There is a difference between a full table scan with string compares and an index; The analogy about reading the book is of course not 100% analogue to how humans read and do things; What I was referring to is the scanning many times hence and forth.
What you must realize is that a string compare is a hard task for a computer, in this sense that computers can only calculate. So to go a bit into detail: a string is an array of characters, which are technically speaking just 8bit integers (or 1 byte); so in order to see if strings are equal, a computer has to compare those in a loop:
for each letter in the string:
check if letter equals the letter in the same location on the other string
(there are shortcuts, which are taken; not going into that detail, as it will dive too deep at this point)
For "string equals other string" the shortcuts are fairly easy and fast enough, but "string contains ..." this is much harder; there are far fewer shortcuts
Since computers are not particulary good at searching in text, but are very good at processing numbers, binary trees were brought forth;
Now, what happens -generally- when you perform a SQL query:
Code:
SELECT field1, field2 FROM table1 WHERE field3 = value
If there is an index, the
index is searched: this will lead to the numbers of the records which are to be presented; The whole record is read, but only the fields of that record will be displayed. In this read operation, an amount of data equal to n times the blocksize is read (n being an arbitrary number); This makes that a table scan can be done fairly fast: each read operation is going to lead to a great amount of records, without having to read those records themselves. The index-read leads to a certain amount of records, and this can speed up things, as the database knows how big each record is and can thus
jump to those records; which is way faster than a complete read operation.
Indexes are not always going to speed up your operations; on small tables, they actually make things slower.

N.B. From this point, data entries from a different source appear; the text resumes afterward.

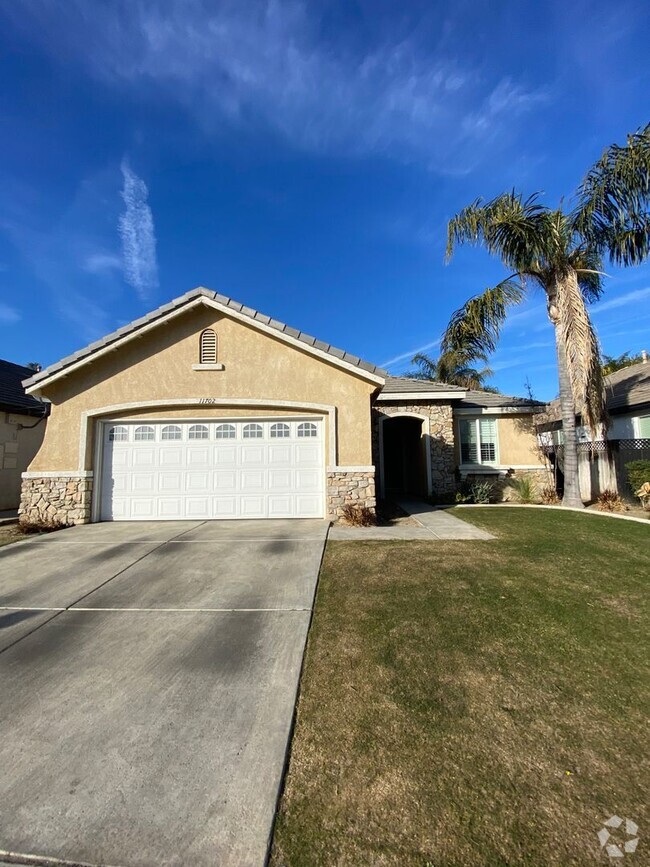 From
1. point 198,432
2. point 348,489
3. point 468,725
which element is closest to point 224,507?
point 198,432

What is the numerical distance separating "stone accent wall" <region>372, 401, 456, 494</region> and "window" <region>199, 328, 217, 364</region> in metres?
6.45

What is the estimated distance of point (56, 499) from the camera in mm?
9922

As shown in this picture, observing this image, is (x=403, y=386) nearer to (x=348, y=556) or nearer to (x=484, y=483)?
(x=484, y=483)

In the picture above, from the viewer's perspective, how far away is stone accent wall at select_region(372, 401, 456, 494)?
14469 mm

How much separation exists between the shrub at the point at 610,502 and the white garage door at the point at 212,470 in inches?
334

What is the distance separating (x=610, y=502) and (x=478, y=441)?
15.2ft

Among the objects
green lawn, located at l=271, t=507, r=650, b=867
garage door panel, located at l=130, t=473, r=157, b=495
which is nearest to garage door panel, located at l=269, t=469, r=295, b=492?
garage door panel, located at l=130, t=473, r=157, b=495

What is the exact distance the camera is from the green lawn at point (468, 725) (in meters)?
1.90

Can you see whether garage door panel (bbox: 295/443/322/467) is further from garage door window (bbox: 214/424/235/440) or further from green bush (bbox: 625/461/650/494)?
green bush (bbox: 625/461/650/494)

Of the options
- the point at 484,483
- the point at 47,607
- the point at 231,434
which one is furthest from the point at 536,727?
the point at 484,483

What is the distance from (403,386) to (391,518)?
6.02 m

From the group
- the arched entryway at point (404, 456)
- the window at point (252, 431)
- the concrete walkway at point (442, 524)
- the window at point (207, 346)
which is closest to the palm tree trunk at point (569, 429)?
the concrete walkway at point (442, 524)

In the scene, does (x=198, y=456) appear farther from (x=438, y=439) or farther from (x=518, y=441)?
(x=518, y=441)

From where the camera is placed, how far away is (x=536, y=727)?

Also, indexes make write operations slower at all times; they're good for retrieval operations.
In analogy to bookreading: In books you also have indexes; I for one, never read the index of a very small book; I can browse to the required data faster if I have some idea what the book is about; However, as a human I can read text fast, which a computer cannot (all in relativity); However, in a big book (take a cookbook with thousands of recipes, and I want to find the recipe for goulash I will take the index and see how far I can skip ahead to find that one; It speeds up my search operation.
However, if there's a small cookbook "5 ways to boil an egg", I'm not going to use the index to find the recipe for a hard-boiled egg. (usually, smart databases will neither; the query optimizer takes care of such things)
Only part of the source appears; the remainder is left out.